**What you have to do**
Retype, word for word, every line of the records below starting at the one that contains "عکس| برونو با لگد از ستاره پرتغال تشکر کرد!" and ending at the one that contains "LED porcelain mouth"; include both of those lines and nothing more.

**Supplied entries**
════════════════════
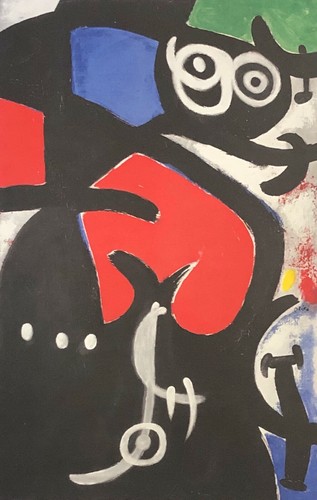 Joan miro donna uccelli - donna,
════════════════════
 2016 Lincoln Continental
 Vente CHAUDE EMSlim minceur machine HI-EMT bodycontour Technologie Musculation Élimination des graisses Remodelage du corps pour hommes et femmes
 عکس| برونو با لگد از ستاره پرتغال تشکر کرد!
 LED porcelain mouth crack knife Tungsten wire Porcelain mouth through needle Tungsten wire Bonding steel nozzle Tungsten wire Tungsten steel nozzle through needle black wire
════════════════════
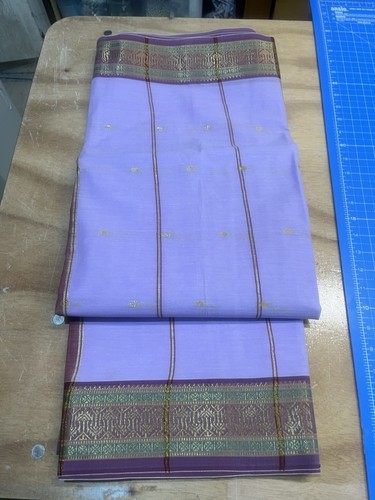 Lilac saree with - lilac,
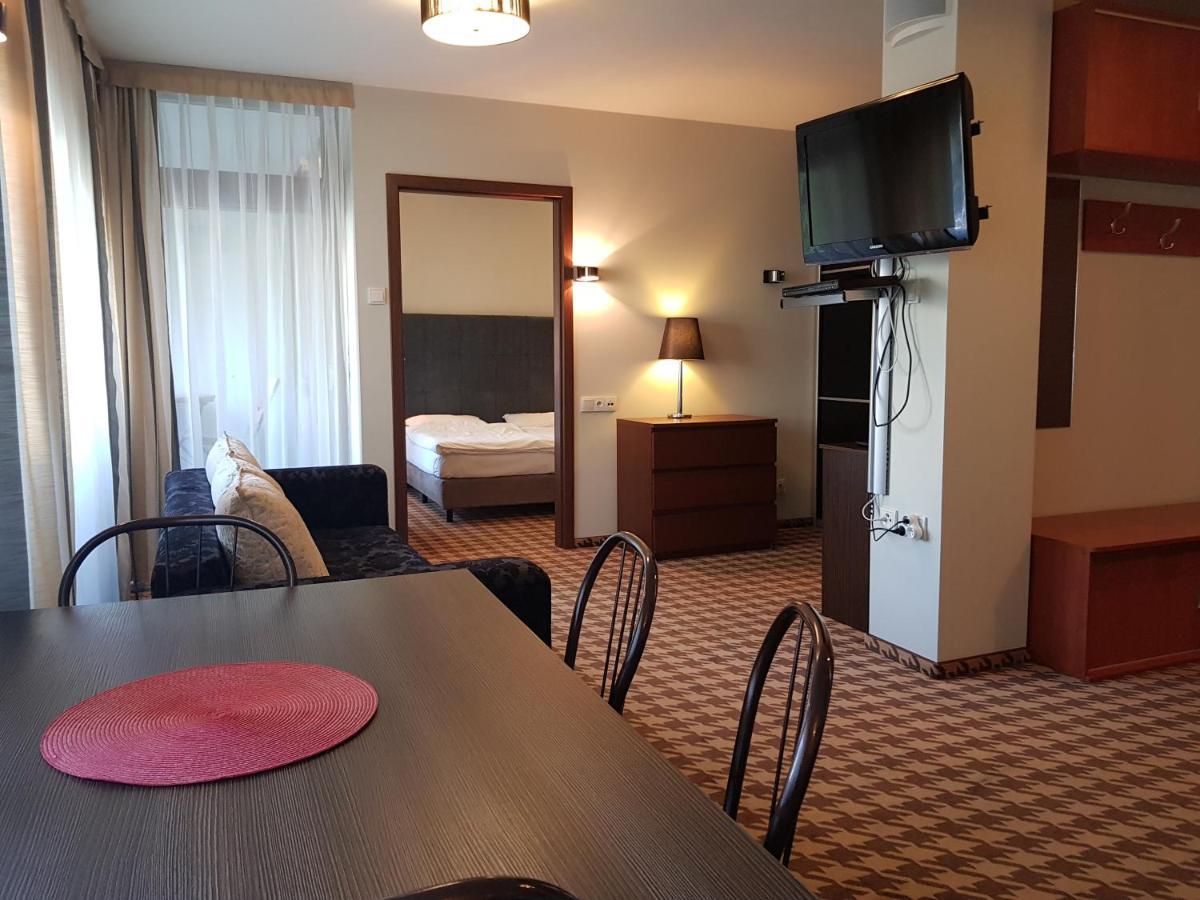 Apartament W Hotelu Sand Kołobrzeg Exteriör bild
════════════════════
**Result below**
 عکس| برونو با لگد از ستاره پرتغال تشکر کرد!
 LED porcelain mouth crack knife Tungsten wire Porcelain mouth through needle Tungsten wire Bonding steel nozzle Tungsten wire Tungsten steel nozzle through needle black wire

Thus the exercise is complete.